| What you will do |
Please print the data that follows, keeping every line exact.

| Exercise data |
>>>

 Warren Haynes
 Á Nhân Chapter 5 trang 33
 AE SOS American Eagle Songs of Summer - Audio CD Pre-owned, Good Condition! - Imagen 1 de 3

<<<

| Finished exercise |
 Warren Haynes
 Á Nhân Chapter 5 trang 33
 AE SOS American Eagle Songs of Summer - Audio CD Pre-owned, Good Condition! - Imagen 1 de 3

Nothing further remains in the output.